### DATASET
○ ○ ○ ○

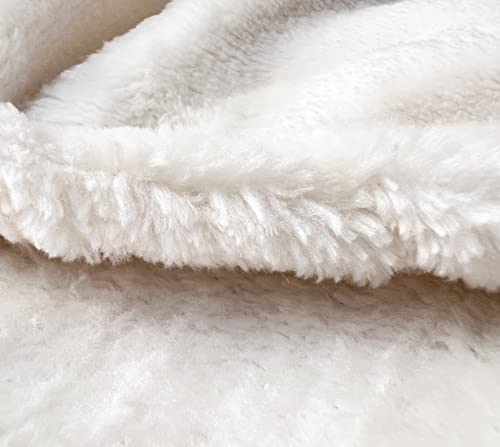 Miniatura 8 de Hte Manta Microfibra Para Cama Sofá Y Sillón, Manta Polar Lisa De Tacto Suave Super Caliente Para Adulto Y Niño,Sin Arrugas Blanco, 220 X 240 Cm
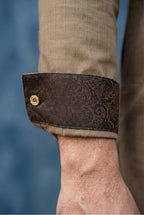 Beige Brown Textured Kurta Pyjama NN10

○ ○ ○ ○

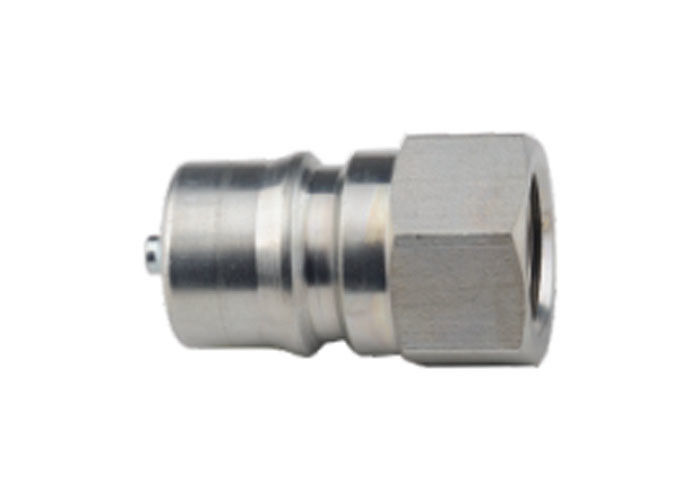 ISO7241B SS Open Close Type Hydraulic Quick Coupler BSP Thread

○ ○ ○ ○

### BRIEF
Among the lines above, the one with "Miniatura 8 de" opens the part to repeat and the one with "Beige Brown Textured Kurta Pyjama NN10" closes it; repeat only that part exactly, with no pictures.

### FINAL ANSWER
 Miniatura 8 de Hte Manta Microfibra Para Cama Sofá Y Sillón, Manta Polar Lisa De Tacto Suave Super Caliente Para Adulto Y Niño,Sin Arrugas Blanco, 220 X 240 Cm
 Beige Brown Textured Kurta Pyjama NN10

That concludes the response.